Segment Open
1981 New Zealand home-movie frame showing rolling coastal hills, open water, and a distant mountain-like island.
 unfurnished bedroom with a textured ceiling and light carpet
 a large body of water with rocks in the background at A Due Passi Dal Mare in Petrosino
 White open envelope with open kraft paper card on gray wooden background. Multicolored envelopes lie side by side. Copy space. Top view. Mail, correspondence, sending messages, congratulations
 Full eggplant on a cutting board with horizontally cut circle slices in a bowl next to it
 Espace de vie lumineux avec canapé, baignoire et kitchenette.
Segment Closed
Aim of the exercise:
A faithful copy of the lines from the line containing "Full eggplant on" to the end of the data should be set down, both ends included, and nothing more.

Answer area:
 Full eggplant on a cutting board with horizontally cut circle slices in a bowl next to it
 Espace de vie lumineux avec canapé, baignoire et kitchenette.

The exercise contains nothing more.